O jornalista ainda é bastante moço. Na cabeça de um jovem pode passar tanta coisa; depois, vem o arrependimento, mas pode-se atribuir isso a erros de juventude. Mas, na cabeça do Deputado Francisco Dornelles, passar uma crítica dessa envergadura, um homem com uma enorme experiência de Ministro, uma figura, por assim dizer, provecta e monumental da República? Isso é que me deixou bastante chocado e surpreendido. Mas eu vi. Eu estava em frente à minha televisão, uma antena parabólica entrou na raia e trouxe os dois, com esse comentário desancando o pobre do Supremo Tribunal Federal e os seus inermes e inocentes Magistrados, que desfrutam o direito de residir. Apesar da negativa do Sr. Néri da Silveira, assoalhada pelo jornalista Carlos Chagas na ocasião, não sou absolutamente contrário a essa idéia de que se atribua aos magistrados o ninho competente para que possam proferir as suas sentenças. É justo. Quem quer democracia tem que pagar bem, porque é um investimento salutar que depois redunda em vantagens maravilhosas que, na ditadura, não se colhem, que na ditadura não se encontram; déficit e demérito são o que aparecem nas ditaduras.

Sr. Presidente, quero aqui manifestar a minha estranheza que a antena parabólica tenha trazido esses dois comentários e, especialmente, ao nobre, culto, brilhante, erudito, científico, economístico, matematicíssimo, financeiríssimo Deputado Francisco Dornelles.

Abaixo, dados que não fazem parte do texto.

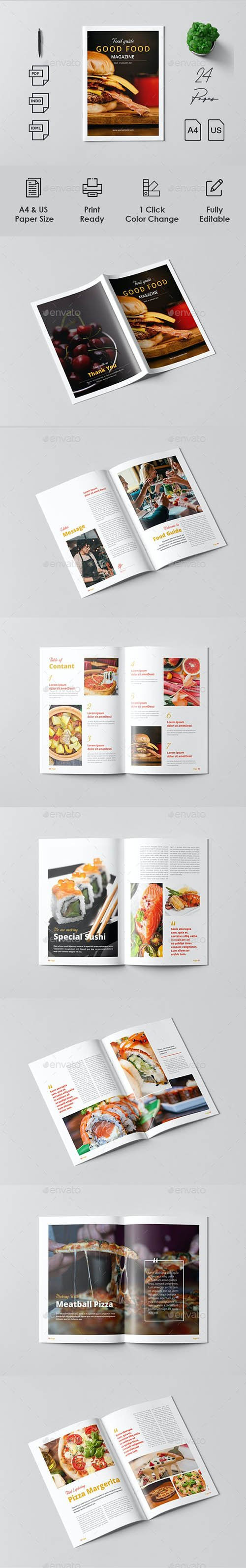 Food Magazine 27555969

Por favor, Deputado Dornelles, não se associe a xingações ao Supremo Tribunal Federal, porque aí não terá a nossa aprovação.

Era esse o final escaravelhano do meu pot-pourri, monsieur Senador Jacques Silva, que eu desejava formular neste final de sessão. Realmente, foi uma coisa estapafúrdia. Não sei se V. Exªs assistiram, mas aquilo me deixou pensando seriamente que o jornalista Carlos Chagas iria acabar recebendo uma embaixada em Roma, ou, quem sabe, o Sr. Dornelles.

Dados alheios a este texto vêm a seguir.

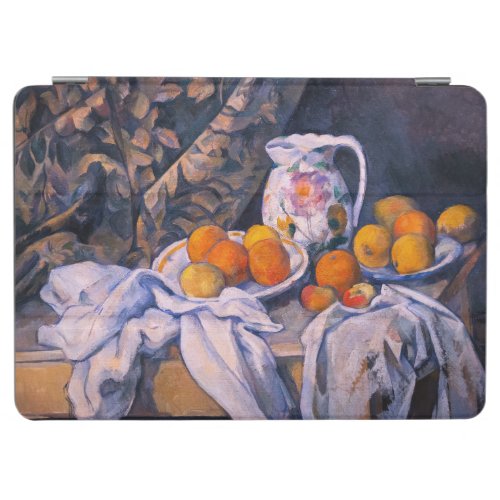 Paul Cezanne _ Still Life with a Curtain iPad Air Cover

O Sr. Jacques Silva - Permite-me V. Exª um aparte?

O SR. AUREO MELLO - Concedo o aparte a V. Exª.

O Sr. Jacques Silva - Senador Aureo Mello, eu não assisti àquelas inconfidências parabólicas do jornalista Carlos Chagas, mas um amigo meu assistiu e me contou. E, logo em seguida, eu ouvi o próprio Carlos Chagas, numa preparação, comentar o fato. Fui ler depois. Achei muito mais grave do que as inconfidências parabólicas do Sr. Rubens Ricupero. No entanto, a repercussão foi nenhuma.

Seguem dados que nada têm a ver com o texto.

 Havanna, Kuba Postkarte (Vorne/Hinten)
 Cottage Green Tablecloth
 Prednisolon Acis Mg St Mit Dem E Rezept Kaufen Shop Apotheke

O SR. AUREO MELLO - Mas ele é jornalista.

O Sr. Jacques Silva - É aí que quero chegar. Então, aí entrou o esprit de corps, o que é normal. Os colegas abafaram. Fosse um Senador que tivesse caído na besteira de ser apanhado pelas parabólicas, este Congresso já teria ido por água abaixo.

O SR. AUREO MELLO - Seria manchete em todos os jornais.

O Sr. Jacques Silva - No entanto, como foi um ilustre colega, nada se comentou. Mas aquela inconfidência foi muito grave.

O SR. AUREO MELLO - Muito obrigado.

Termino estas palavras, desejando que as parabólicas, talvez movidas por espíritos de parlamentares já mortos, ou de jornalistas que já se foram, não venham mais fazer essas assombrações nas nossas televisões. Quem sabe não são eles, com aquele poder eletrônico que têm os falecidos, que empurraram a imagem e a voz do jornalista e do Deputado para os lares que assistiam televisão àquela hora e fizeram com que esse comentário tão privado, tão intramuros, tão interno, chegasse a desabrochar, como uma papoula radiofônica, às nossas humildes antenas parabólicas que são as orelhas.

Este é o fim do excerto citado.